ANNE ARCHER, Habitat For Humanity Detroit Volunteer
I started volunteering in the late 1990’s. Our church is a member of the Grosse Pointe Partners, so we would sign up to build walls in the warehouse, paint walls in nearly finished homes, landscape and whatever else was needed. In 2005, I was honored to to work with many fabulous people during the Jimmy Carter Build in Detroit. The Grosse Pointe Partners co-sponsored a house. It was a very hot week-hammertime started at 7:30 AM and we got home close to 6 each evening. I think that week was what tugged at my heart to work with this organization. 30 strangers came together to work on a common goal of providing safe and affordable housing. On the last day there I realized that we had become a family! Due to physical limitations, I chose to work at the Jane Street office in 2012 where I became involved in the Volunteer and Community Development Department. To say we had fun would be an understatement! Every person, no matter their job title was committed to the organization! I don’t have any particular life-changing reason as to why I volunteer, but I do have a saying on my desk-”Work for a cause, not for applause/Live life to express, not impress.
Scot Norris, Long-Time Volunteer
Many of the Habitat volunteers have the luxury of volunteering for Habitat, and you get to meet people that you’d never meet in your day-to-day life. That’s both on the volunteer side and the homeowner side. It strips away people’s differences, you know. Everybody is looking for a place to live that’s nice. Everybody is looking for a good school for their kids. Everybody needs enough to eat. In that sense, it’s humbling that you can say that what we have in common is a lot more than what makes us different. We might listen to different music, and we might worship different, but it still comes down to seeing what basic needs our people have and the little way that you can contribute to making their life better.
Jack Frakes, Long-Time Volunteer
You get a lot more out of [Habitat] than you ever put into it. It’s well worth doing. The camaraderie of all the volunteers is very high. It was always a pleasure to donate time. I wish I had done it earlier in my career, but I’m glad I did it when I did. It was a wonderful 20 years or so. I’m obviously not capable anymore of doing the Habitat work, but I still support the organization.

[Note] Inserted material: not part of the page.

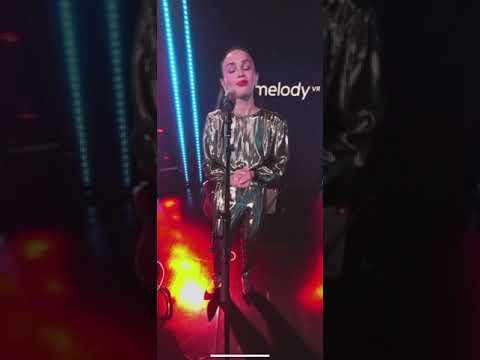 Zella Day “My Game” Live from LA On Melody VR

Jim Garlogh, Long-Time Volunteer
For us old guys, we remember when it was like this before but so many people just don’t have access to a home of their own, and at least in a traditional fashion it’s one of the ways in which people can accumulate some sort of base of wealth. In our history as a country, owning land and owning property and owning a house was the symbol of if you hadn’t made it at least you had a place to stand that was pretty solid. That may be a little bit different with the current generation and with the way the world is changing, which is rather radical, but I think that still for many people if they can have a house, and if they can afford to stay in that house, and if they can keep that house, it’s a… it’s a permanence that they’ve never had before – and to me, that’s incredibly important.
George Gray, Long-Time Volunteer
I have many fond memories from volunteering my favorite of which are the blitzes that we were doing in 2010 thru 2015 where we seemed to have hundreds or more volunteers working on many houses on the same day and how much was accomplished”…” Habitat is providing affordable houses and the necessary education for ordinary people to obtain not only a house that they can make into a home for their family but to feel good about themselves.
Joe Newland, Long-Time Volunteer
We want to celebrate the legacy left behind by our friend and volunteer, Joe Newland. Although Joe passed away in 2021, he left a lasting impact here at Habitat. If you ever worked with us on one of our build sites, you would have known Joe by his cowboy hat hard hat and his custom porch construction. He desired for each homeowner and their house to feel special and unique. Joe also took special care to be sure volunteers were safe, informed, and had fun while volunteering with us. We miss Joe dearly but feel immeasurably grateful for the legacy he left.